**PROVIDED RECORDS**
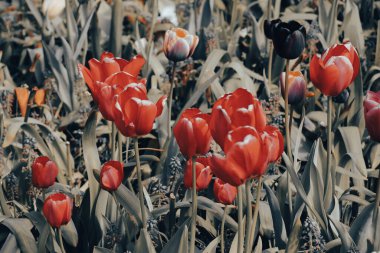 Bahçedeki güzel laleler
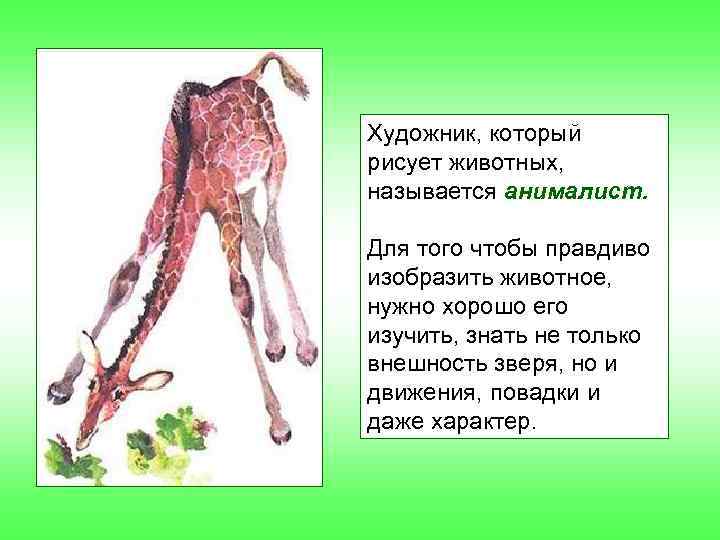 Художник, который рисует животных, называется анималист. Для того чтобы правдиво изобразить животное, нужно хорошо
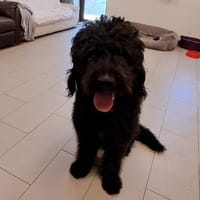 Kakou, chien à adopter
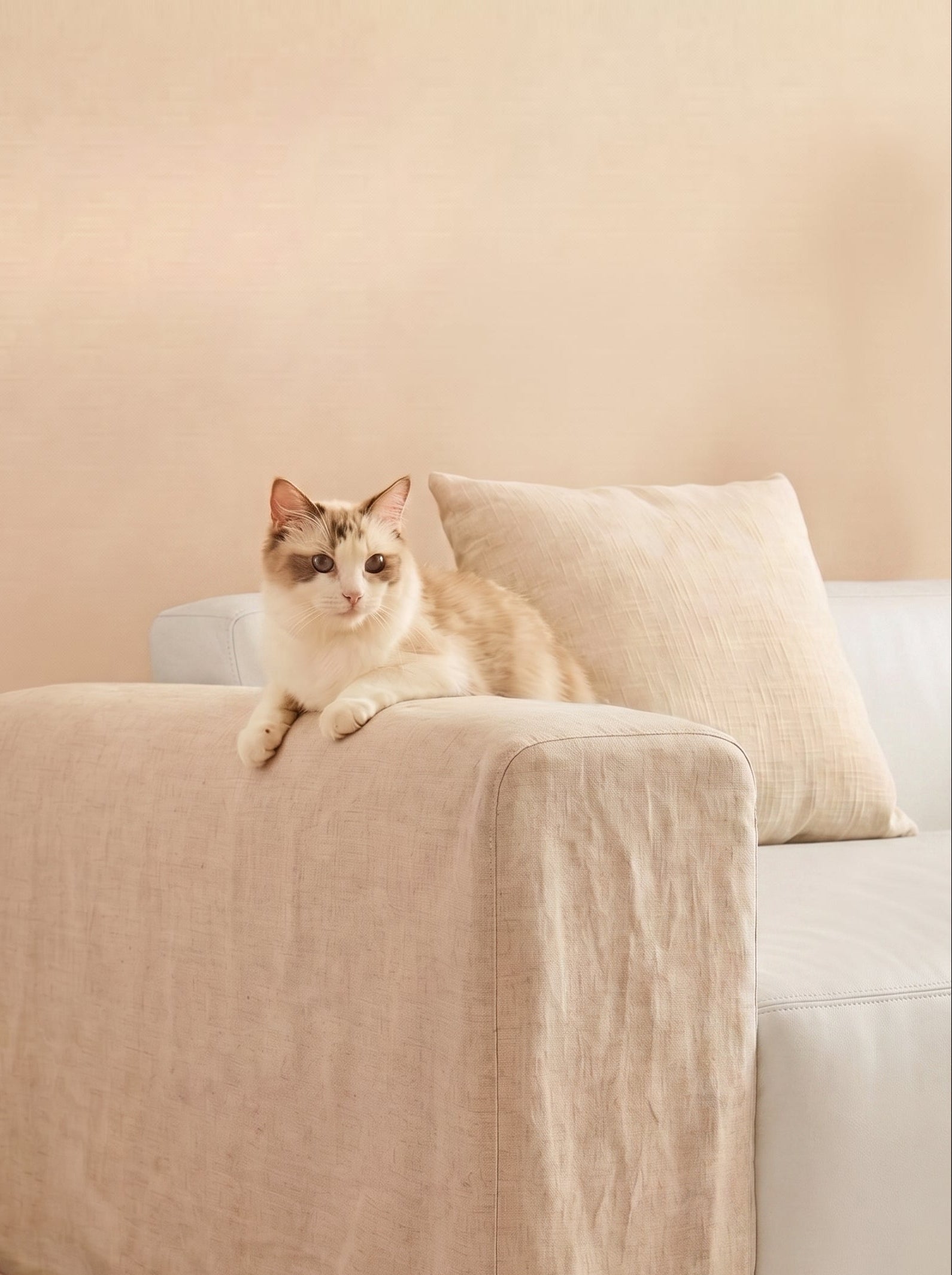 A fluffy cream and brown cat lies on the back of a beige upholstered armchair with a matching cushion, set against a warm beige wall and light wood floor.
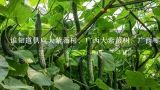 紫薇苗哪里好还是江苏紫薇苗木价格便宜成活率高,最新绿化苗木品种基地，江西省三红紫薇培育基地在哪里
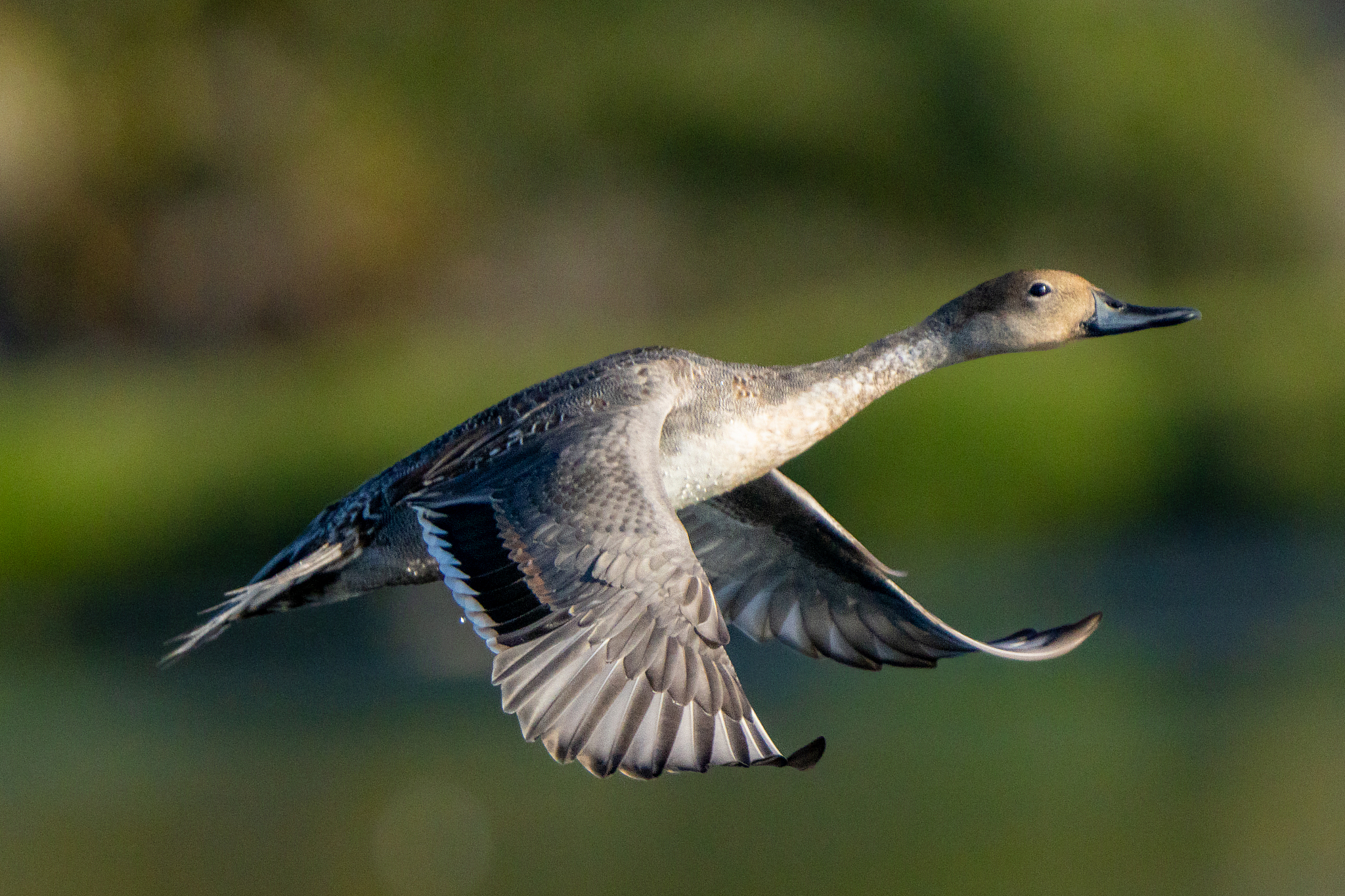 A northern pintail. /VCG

**WHAT YOU NEED TO DO**
What you need to retype is every line from the one that has "Художник, который рисует" through the last line of the listing, both included, with the pictures left out.

**WRITTEN RESPONSE**
 Художник, который рисует животных, называется анималист. Для того чтобы правдиво изобразить животное, нужно хорошо
 Kakou, chien à adopter
 A fluffy cream and brown cat lies on the back of a beige upholstered armchair with a matching cushion, set against a warm beige wall and light wood floor.
 紫薇苗哪里好还是江苏紫薇苗木价格便宜成活率高,最新绿化苗木品种基地，江西省三红紫薇培育基地在哪里
 A northern pintail. /VCG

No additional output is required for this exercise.